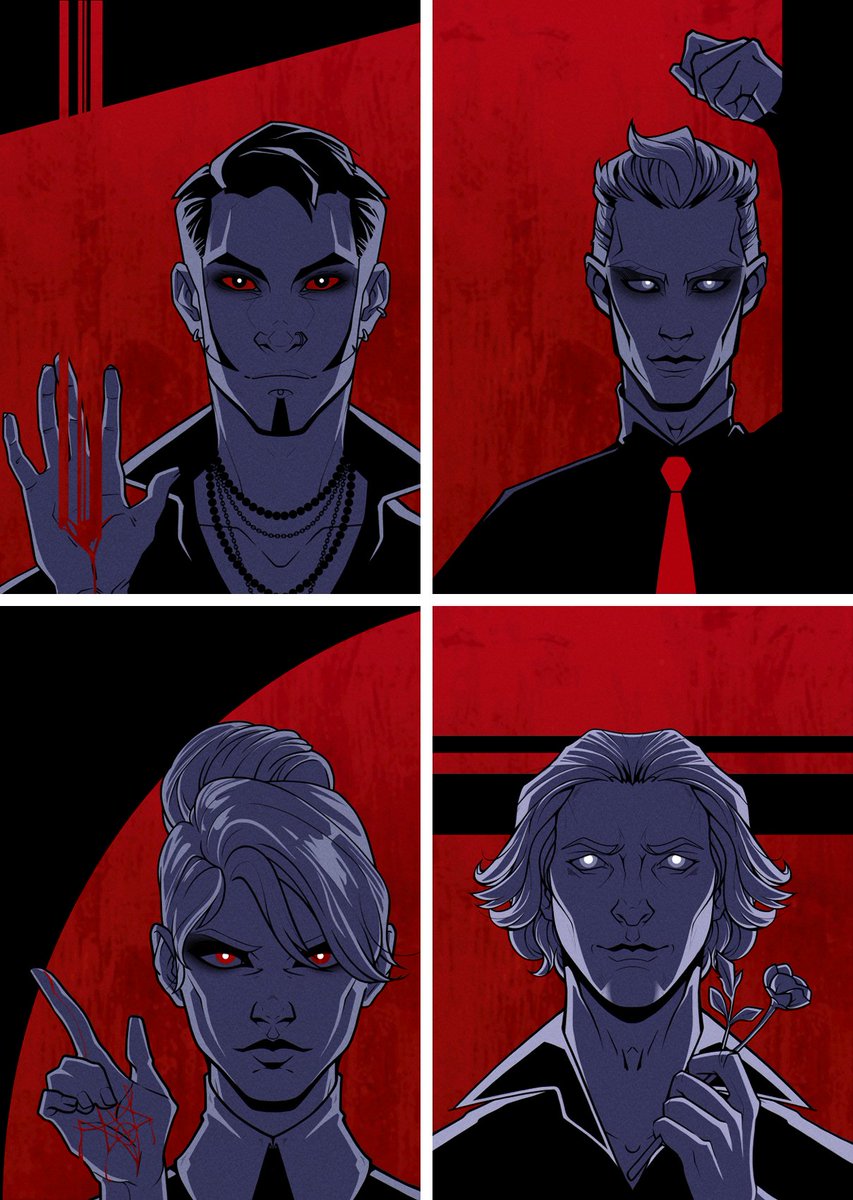 kevinradioguy's tweet photo. A quick sketch of my players' characters. Batholomew the #tremere, Noah the #malkavian Agnes the tremere, Frank the #toreador.
#ttrpg #art #wod #worldofdarkness #vtm #vampirethemasquerade #vampire #vamily https://t.co/knsLO31E5f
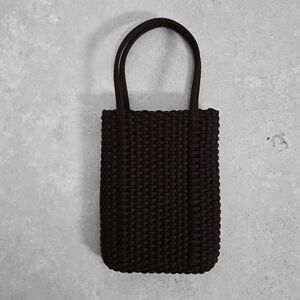 Elegant Black Woven Tiny Tote Bag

> _Aim of the exercise_: Lines before the one containing "#ttrpg #art #wod" are not wanted; write out that line and every later line through the end of the data above, exactly, without pictures.

> _Finished exercise_:
#ttrpg #art #wod #worldofdarkness #vtm #vampirethemasquerade #vampire #vamily https://t.co/knsLO31E5f
 Elegant Black Woven Tiny Tote Bag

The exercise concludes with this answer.